Symlinking the vendor directory between releases doesn't work because it would break existing code (because who knows how long the composer install takes or a restart of the application server) and it would require an additional safety net in place to be able to rollback a failed deployed successfully.

Ruby & Chef to the rescue

Whenever a deployment is run, Chef allows us to hook into the process using deploy hooks. These hooks are documented for OpsWorks as well.

The available hooks are:

  • before migrate
  • before symlink (!)
  • before restart
  • after restart

In order to use them, create a deploy directory in your application and put a couple ruby files in there:

  • before_migrate.rb
  • before_symlink.rb
  • before_restart.rb
  • after_restart.rb

If you're a little in the know about Rails, these hooks will look familiar.

The migration hook is probably used to run database migrations — something we don't do and probably will never do. ;-) But be assured: at this point in time the checkout of your applications is complete: or in other words, the code is on the instance.

The symlink hook is what we use to run composer install to get the web app up to speed, we'll take a closer look in a second.

Before restart is a hook used to run commands before your application server reloads — for example something like purging cache directories, whatever you want to get in order before /etc/init.d/php-fpm reload is executed to revive APC.

And last but not least, after restart — used on our applications to send an annotation to NewRelic — that we successfully deployed a new release.

Before symlink

So up until now, the before_symlink.rb looked like this:

composer_command = "/usr/local/bin/php"
composer_command << " #{release_path}/composer.phar"
composer_command << " --no-dev"
composer_command << " --prefer-source"
composer_command << " --optimize-autoloader"
composer_command << " install"

run "cd #{release_path} && #{composer_command}"

Note: release_path is a variable automatically available/populated in the scope of this script.
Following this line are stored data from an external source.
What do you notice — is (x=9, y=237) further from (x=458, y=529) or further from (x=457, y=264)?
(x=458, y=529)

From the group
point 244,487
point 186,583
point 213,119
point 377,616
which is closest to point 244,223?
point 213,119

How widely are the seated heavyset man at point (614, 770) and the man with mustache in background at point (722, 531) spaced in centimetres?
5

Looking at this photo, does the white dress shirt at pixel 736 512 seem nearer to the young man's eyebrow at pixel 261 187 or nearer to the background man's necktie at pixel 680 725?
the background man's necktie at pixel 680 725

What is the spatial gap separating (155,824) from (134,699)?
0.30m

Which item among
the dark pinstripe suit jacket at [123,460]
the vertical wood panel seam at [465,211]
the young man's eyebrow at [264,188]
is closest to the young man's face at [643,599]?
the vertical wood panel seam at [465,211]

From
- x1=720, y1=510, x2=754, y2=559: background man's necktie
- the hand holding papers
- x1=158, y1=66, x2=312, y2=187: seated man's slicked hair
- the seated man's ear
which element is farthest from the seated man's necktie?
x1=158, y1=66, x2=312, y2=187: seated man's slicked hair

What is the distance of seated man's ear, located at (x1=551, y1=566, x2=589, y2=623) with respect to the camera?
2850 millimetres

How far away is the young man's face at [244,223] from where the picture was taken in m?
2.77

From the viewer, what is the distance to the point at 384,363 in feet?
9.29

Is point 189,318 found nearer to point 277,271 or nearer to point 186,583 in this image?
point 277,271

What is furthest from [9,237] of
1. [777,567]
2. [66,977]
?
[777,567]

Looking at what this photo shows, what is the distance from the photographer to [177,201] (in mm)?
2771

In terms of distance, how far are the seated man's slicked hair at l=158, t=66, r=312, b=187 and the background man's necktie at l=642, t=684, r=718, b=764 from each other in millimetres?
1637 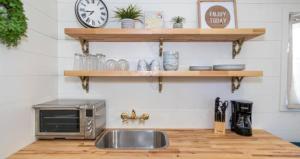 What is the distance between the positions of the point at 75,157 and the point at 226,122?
4.04 ft

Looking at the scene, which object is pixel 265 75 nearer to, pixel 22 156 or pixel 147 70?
pixel 147 70

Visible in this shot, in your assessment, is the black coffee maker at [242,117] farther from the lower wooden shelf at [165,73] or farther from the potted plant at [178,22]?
the potted plant at [178,22]

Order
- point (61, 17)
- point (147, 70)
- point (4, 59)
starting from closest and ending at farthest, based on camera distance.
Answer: point (4, 59) < point (147, 70) < point (61, 17)

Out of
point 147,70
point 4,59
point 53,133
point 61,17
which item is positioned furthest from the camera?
point 61,17

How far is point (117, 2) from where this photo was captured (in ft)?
5.84

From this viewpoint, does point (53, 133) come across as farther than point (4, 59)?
Yes

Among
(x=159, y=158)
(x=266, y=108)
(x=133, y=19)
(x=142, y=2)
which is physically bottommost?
(x=159, y=158)

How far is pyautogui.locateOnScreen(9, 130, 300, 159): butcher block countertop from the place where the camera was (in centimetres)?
122

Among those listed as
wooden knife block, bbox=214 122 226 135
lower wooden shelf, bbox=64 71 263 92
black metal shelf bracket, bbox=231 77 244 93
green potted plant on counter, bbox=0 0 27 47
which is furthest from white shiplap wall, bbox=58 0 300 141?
green potted plant on counter, bbox=0 0 27 47

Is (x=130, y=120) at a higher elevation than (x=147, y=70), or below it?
below

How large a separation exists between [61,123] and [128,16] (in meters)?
0.93

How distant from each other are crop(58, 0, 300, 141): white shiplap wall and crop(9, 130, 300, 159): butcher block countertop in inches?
11.3

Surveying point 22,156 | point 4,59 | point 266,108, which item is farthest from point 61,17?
point 266,108

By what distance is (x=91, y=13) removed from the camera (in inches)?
65.7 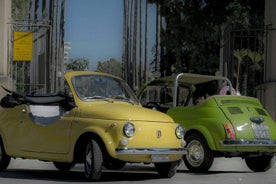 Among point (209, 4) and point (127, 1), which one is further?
point (127, 1)

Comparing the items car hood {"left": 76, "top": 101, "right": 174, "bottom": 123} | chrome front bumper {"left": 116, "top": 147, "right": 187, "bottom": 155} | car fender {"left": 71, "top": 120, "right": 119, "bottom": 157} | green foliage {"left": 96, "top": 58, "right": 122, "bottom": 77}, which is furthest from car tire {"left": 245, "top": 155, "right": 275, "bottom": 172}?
green foliage {"left": 96, "top": 58, "right": 122, "bottom": 77}

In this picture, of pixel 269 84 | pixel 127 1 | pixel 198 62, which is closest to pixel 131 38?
pixel 127 1

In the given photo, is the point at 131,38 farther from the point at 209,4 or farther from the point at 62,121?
the point at 62,121

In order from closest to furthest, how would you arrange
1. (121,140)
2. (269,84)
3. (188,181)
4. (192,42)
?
(121,140)
(188,181)
(269,84)
(192,42)

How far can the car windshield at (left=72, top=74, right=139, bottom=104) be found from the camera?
10.7 meters

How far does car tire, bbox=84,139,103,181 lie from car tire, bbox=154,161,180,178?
136 centimetres

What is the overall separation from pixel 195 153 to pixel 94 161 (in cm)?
285

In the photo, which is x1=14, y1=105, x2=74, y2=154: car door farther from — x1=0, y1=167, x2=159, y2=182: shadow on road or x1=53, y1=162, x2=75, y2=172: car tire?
x1=53, y1=162, x2=75, y2=172: car tire

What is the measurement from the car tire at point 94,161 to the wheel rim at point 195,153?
105 inches

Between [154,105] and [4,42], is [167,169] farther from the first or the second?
[4,42]

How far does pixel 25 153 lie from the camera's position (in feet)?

If you need more, your node attributes are available as well.

Anyway, after reading Scaling Symfony2 with AWS OpsWorks, it inspired me to attempt to copy my vendors around. But instead of doing it in a recipe, I decided to use one of the available deploy hooks for this:

app_current = ::File.expand_path("#{release_path}/../../current")
vendor_dir  = "#{app_current}/vendor"

deploy_user  = "www-data"
deploy_group = "www-data"

release_vendor = "#{release_path}/vendor"

::FileUtils.cp_r vendor_dir, release_vendor if ::File.exists?(vendor_dir)
::FileUtils.chown_R deploy_user, deploy_group, release_vendor if ::File.exists?(release_vendor)

composer_command = "/usr/local/bin/php"
composer_command << " #{release_path}/composer.phar"
composer_command << " --no-dev"
composer_command << " --prefer-source"
composer_command << " --optimize-autoloader"
composer_command << " install"

run "cd #{release_path} && #{composer_command}"

Step by step:

  • copy the current release's vendor to the new release (if it exists)
  • chown all files to the webserver (if the new vendor exists)

This allows the deploy hook to complete, even if we're on a fresh instance.

Benchmarks?

Effectively, this cut deployment from 4-5 minutes, to 2-3 minutes. With tailwind, a 50% improvement.

FIN

That's all. Happy deploying!

SQL MAX() and GROUP BY for CouchDB

While re-writing a couple SQL statements into CouchDB we got stuck when we wanted to do a SELECT MAX(...), id ... GROUP BY id in CouchDB.

MySQL

Imagine the following SQL table with data:

mysql> SHOW FIELDS FROM deploys;
+-------------+-------------+------+-----+---------+-------+
| Field       | Type        | Null | Key | Default | Extra |
+-------------+-------------+------+-----+---------+-------+
| project     | varchar(10) | NO   |     | NULL    |       |
| deploy_time | datetime    | NO   |     | NULL    |       |
+-------------+-------------+------+-----+---------+-------+
2 rows in set (0.01 sec)

In order to get the latest deploy for each project, I'd issue:

mysql> SELECT MAX(deploy_time), project FROM deploys GROUP BY project;
+---------------------+----------+
| MAX(deploy_time)    | project  |
+---------------------+----------+
| 2013-10-04 22:01:26 | project1 |
| 2013-10-04 22:02:17 | project2 |
| 2013-10-04 22:02:20 | project3 |
+---------------------+----------+
3 rows in set (0.00 sec)

Simple. But what do you do in CouchDB?

CouchDB

My documents look like this:

{
  "_id": "hash",
  "project": "github-user/repo/branch",
  "deploy_time": {
     "date": "2013-10-04 22:02:20",
     /* ... */
  },
  /* ... */
}

So, after more than a couple hours trying to wrap our heads around map-reduce in CouchDB, it's working.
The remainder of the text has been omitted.